Сказав эти слова с особым воодушевлением и утрированностью, он потер глаза от слез, надел свою шляпу и подошел к двери.
— Я сожалею, — вставая с места неожиданно громко ответил психиатр, — И я вдобавок еще сожалею, что вашего и моего Бога не существует! Так что, Никто с нами не будет, ни сейчас, ни в будущем!
Отец погибшего солдата вглядываясь, молча посмотрел на психиатра, по его лицу скатывалась скупая одинокая слеза, он каким-то неловким движением кивнул, видимо выражая одобрение или согласие, и молча вышел.
Психиатр вспомнил, что чуть не рассмеялся, «и смех, и грех», — задумался он. Потом начал уговаривать себя, что как специалист поступил правильно. Но эти уговоры никак не утешали его. Он хотел вспомнить имя того солдата, лицо последнего промелькнуло у него в памяти, но после столь огромного числа встреч, он уже не  мог ничего вспомнить. Наоборот, он вспомнил лица героев войны и из-за этого стал еще более ненавидеть своих больных. «Какой же это гуманизм? — думал он про себя, — выкармливать душевнобольных, как скотов, и давать им медленно умереть, а тем временем герои умирают на границе». Подумав это, ему стало легче, и даже как-то приятно.

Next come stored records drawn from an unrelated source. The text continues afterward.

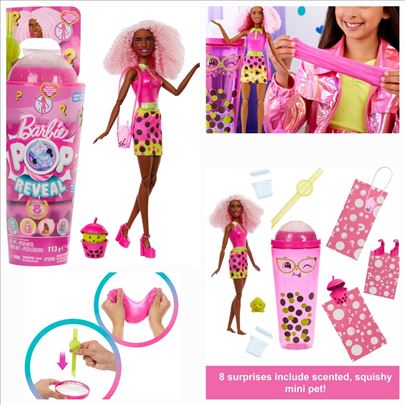 Novi Barbie Bubble Tea Pop Reveal Berry Bliss set,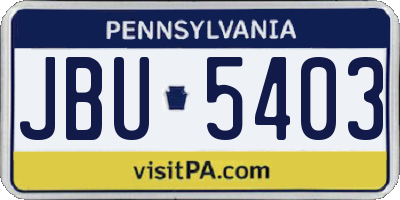 PA license plate JBU5403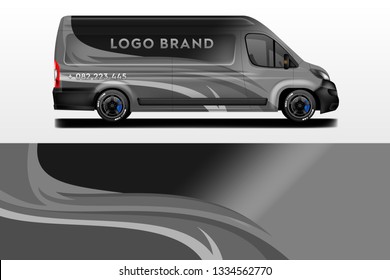 Van decal cargo company and car wrap vector . Graphic abstract background livery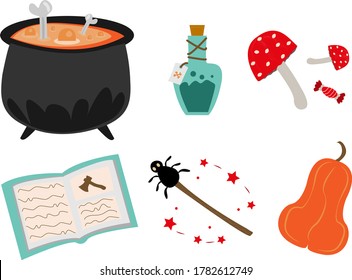 A set of velma's witchcraft magic of 6 items. An isolated image of a spell book, a magic potion, poisonous mushrooms, a bottle of poison, a magic wand and a ripe pumpkin. For stickers and postcards.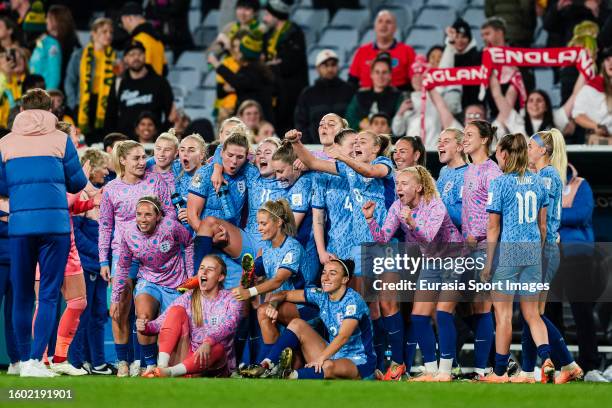 England squad celebrates after winning Australia during the FIFA Women's World Cup Australia & New Zealand 2023 Semi Final match between Australia...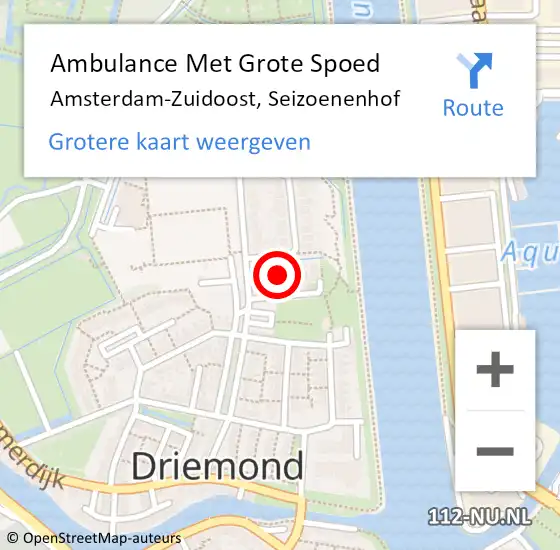 Locatie op kaart van de 112 melding: Ambulance Met Grote Spoed Naar Amsterdam-Zuidoost, Seizoenenhof op 20 juni 2022 07:40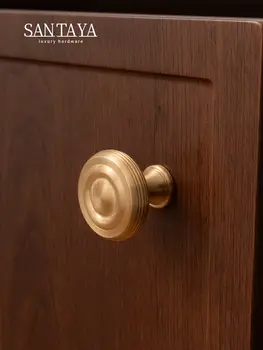 Úchytky kuchyňských skříněk Santaya z masivní kartáčované mosazi do ložnice a kuchyně, zlaté, pro zásuvky, úchytky na šatní skříň a komody 10 nejlepší prodej úchytky a knoflíky zásuvek v kartáčované zlaté barvě - №1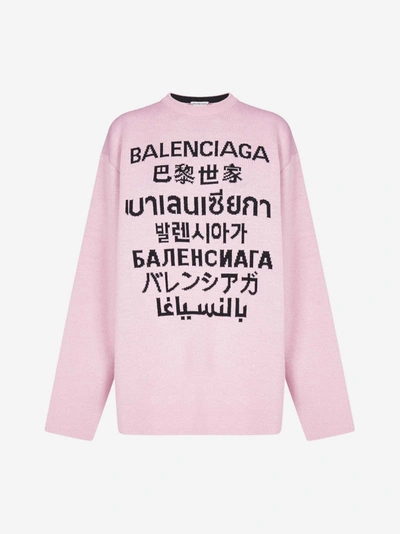 Shop Balenciaga Multilingual Logo Wool Sweater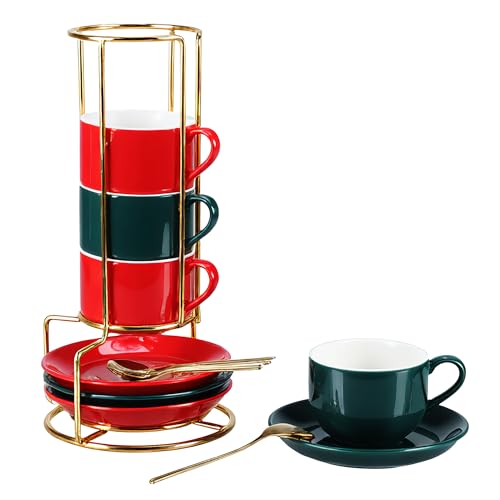 3 Ounce Espresso Cups Set of 4, Stackable Demitasse Mugs, Includes Display Stand, Cups Saucers & Spoons, for Machines & Home Use, Red Green Gold Tone - color: Red&Green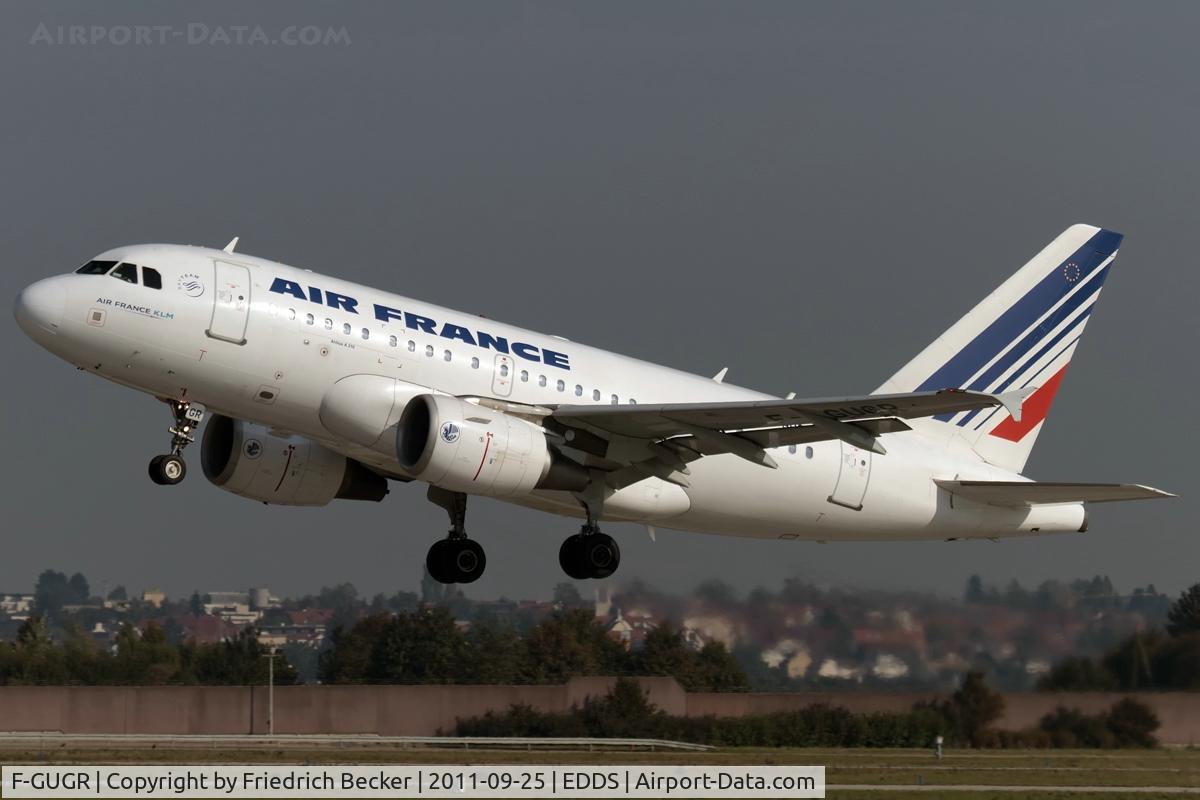 F-GUGR, 2007 Airbus A318-111 C/N 3009, departure via RW25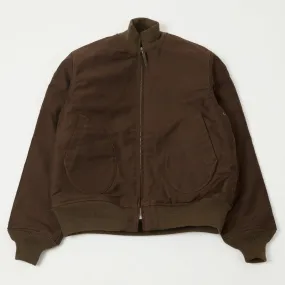 Buzz Rickson's U.S. Navy Zip Through Deck Jacket - Brown Temperature Balancing Layer Double stitching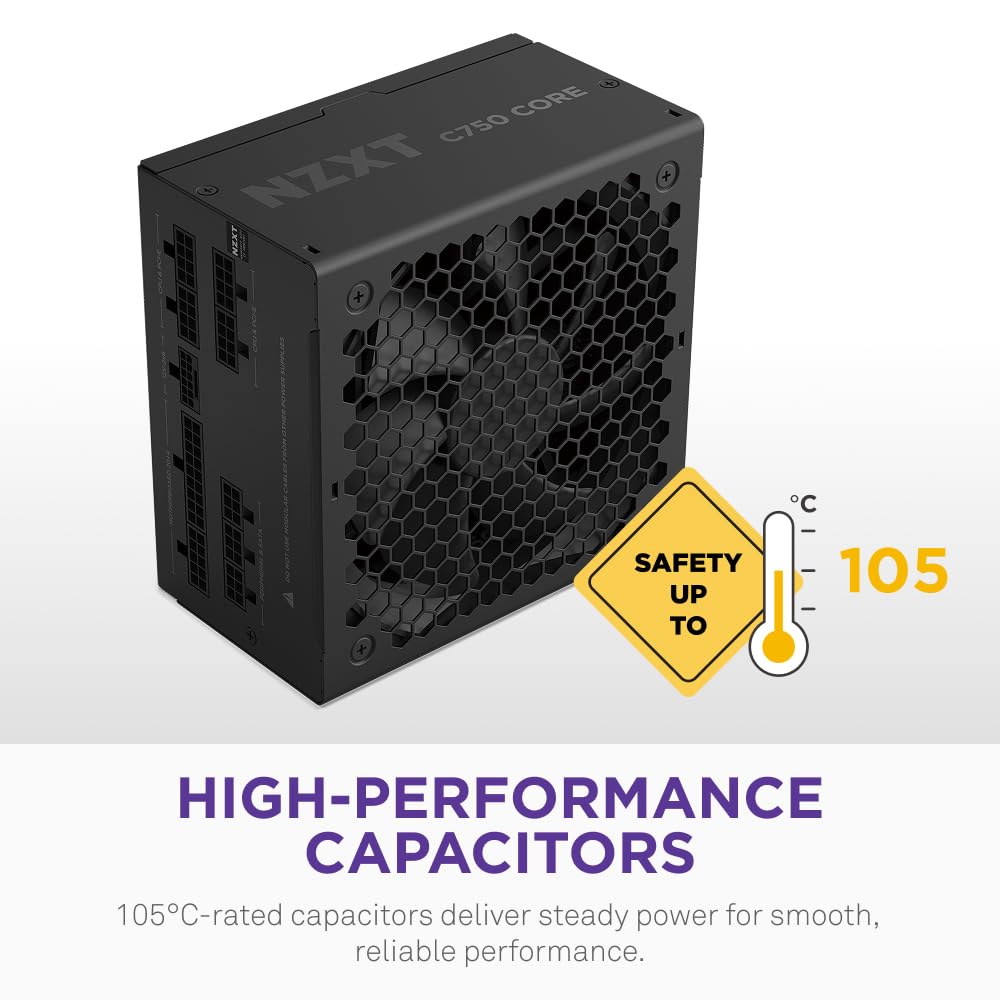 NZXT C850 Gold Core - Fuente de alimentación ATX 3.1 de 850 W - 80 Plus Gold - Cybenetics Platinum - Totalmente Modular - PCIe 5.1 600W 12V-2x6 - Ventilador Zero RPM - Condensadores de 105°C - Negro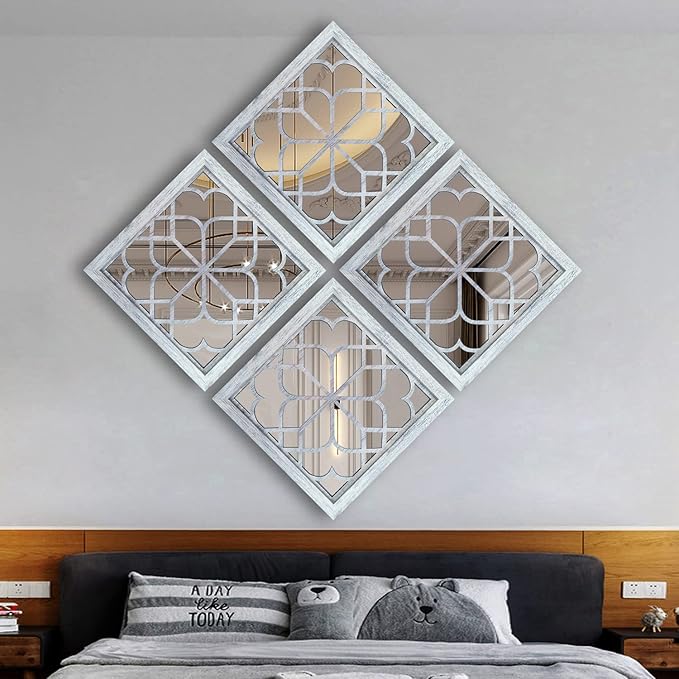 Wocred Set of 4 Mirrors Square Wall Mirror,Gorgeous Rustic Farmhouse Accent Mirror,Rustic White Color Entry Mirror for Bathroom Renovation,Bedrooms,Living Rooms and More(12”x12”4pcs)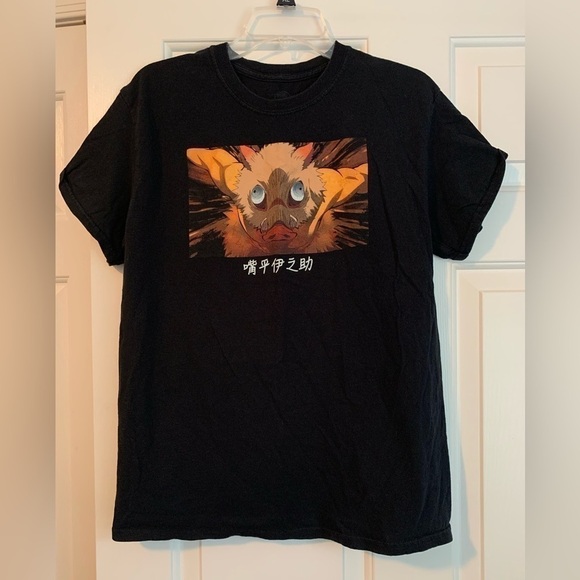Demon Slayer Inosuke Boar Mask Anime Black Graphic-T-Shirt Adult Sz Medium - Picture 1 of 4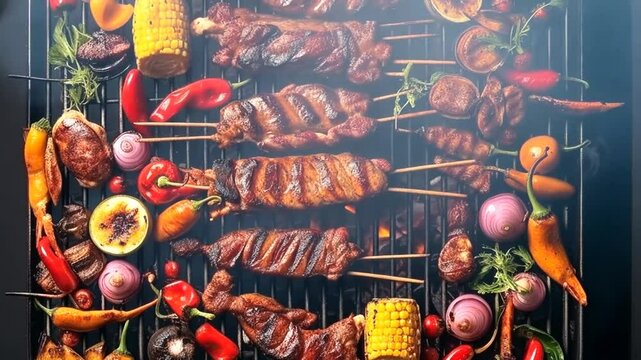 Verschiedene Fleischsorten grillen auf einem hei&szlig;en Rost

В тот день он пораньше вернулся в свою квартиру.

Здесь можно опять приостановиться и сказать, что, действительно, война для молодого врача не имела никакого смысла. Но именно в этом он опять обманывал себя, потому что смысла, как это понимают большинство людей, в войне действительно не было. Но молодой врач думал, что может быть он и умрет на войне, ведь тогда он станет еще и героем. Смерть ведь всегда одинакова для умирающего, но вот для всех тех, которые еще продолжают жить — совсем другая, разная. На это и надеялся молодой врач, что он во время войны и помрет. Здесь он вспомнил Достоевского, а именно, что «к несчастью, не понимают эти юноши, что жертва жизнью есть, может быть, самая легчайшая изо всех жертв во множестве таких случаев...» и ему стало совестно. Но потом он стал думать о правде и подвиге, и решительно ничего не нашел — ни правды, ни подвига! Но даже этот его больной романтизм, не имея никакого реального основания, превратился в утешительное желание, а собственно нереальное, по тому, что во время войны врачи находятся всегда в тылу. Еще добавим, что молодой врач был человеком грамотным, и знал, что от ста раненых солдат только половина одного является психически больным, так что большинство солдат просто не хотели воевать, это ему было яснее ясного! «Ну как же может восемнадцатилетний воевать? — спрашивал он себя, — ведь психика еще не сформированная, и этот солдат будет либо под влиянием страха, либо бессмысленного геройства». Он ненавидел всех истерических припадков, но еще сильнее он ненавидел войну, которая уносила молодых героев. Уносила их в никуда, оставляя на память родителям серебряные да золотые медали! Он как-то прочел в журнале статью, где было написано слишком цинично для патриотизма: «Вы дали нам сыновей, мы возвращаем вам героев»!

Глава 9. Дневник.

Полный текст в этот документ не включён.